**WHAT YOU ARE ASKED TO DO**
All of the data below should be printed again exactly, pictures excluded.

(Records drawn from a dataset)
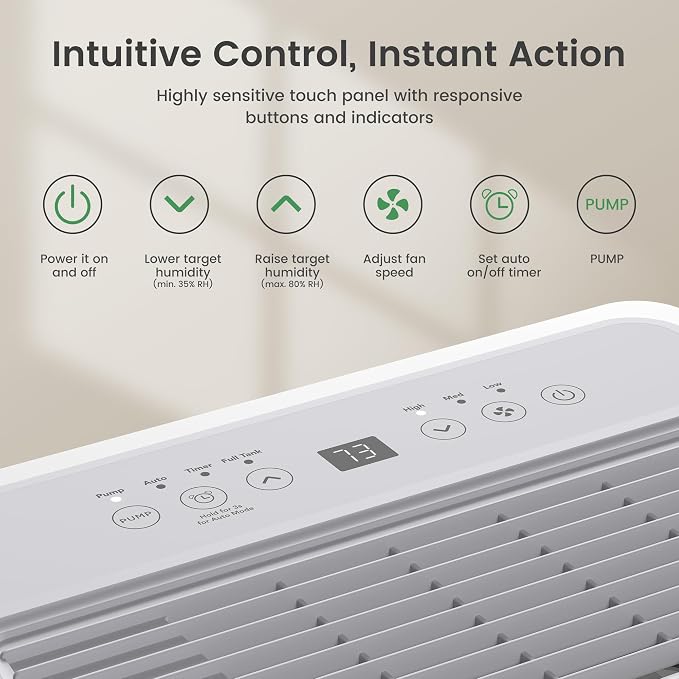 Waykar 150 Pint 2025 Energy Star Dehumidifier - Image 10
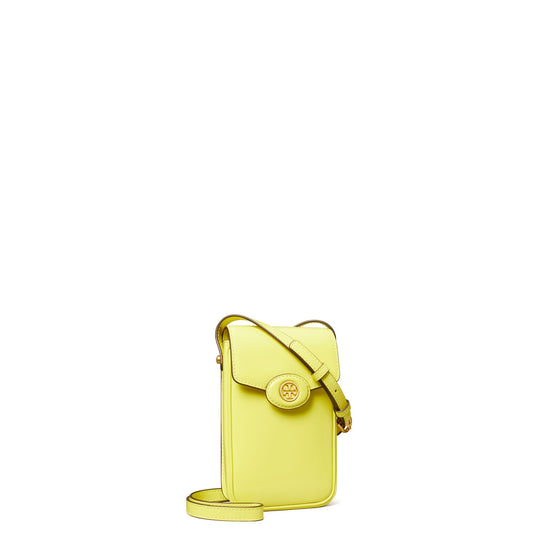 Women Robinson Spazzolato Phone Crossbody - Neon Lemon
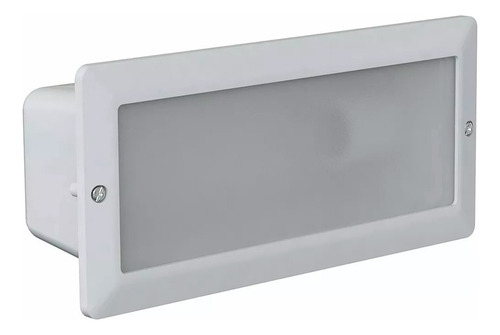 12 Un. Luminaria Embutir Aluminio Inj. Germany 6100 Branco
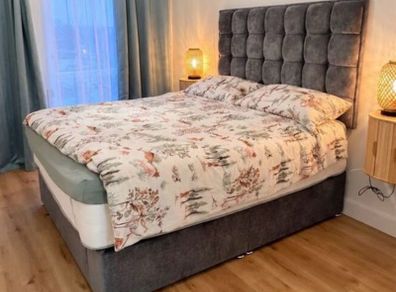 Gray Bed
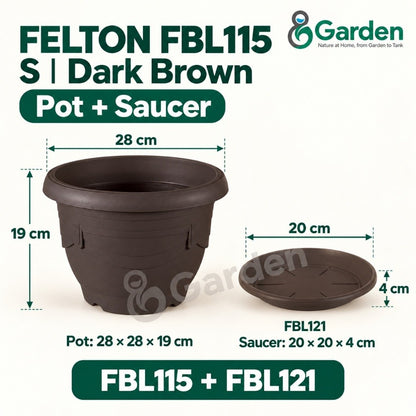 Felton FBL115 Round Plastic Flower Pot 28cm – product guide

**SOLUTION TO THIS EXERCISE**
 Waykar 150 Pint 2025 Energy Star Dehumidifier - Image 10
 Women Robinson Spazzolato Phone Crossbody - Neon Lemon
 12 Un. Luminaria Embutir Aluminio Inj. Germany 6100 Branco
 Gray Bed
 Felton FBL115 Round Plastic Flower Pot 28cm – product guide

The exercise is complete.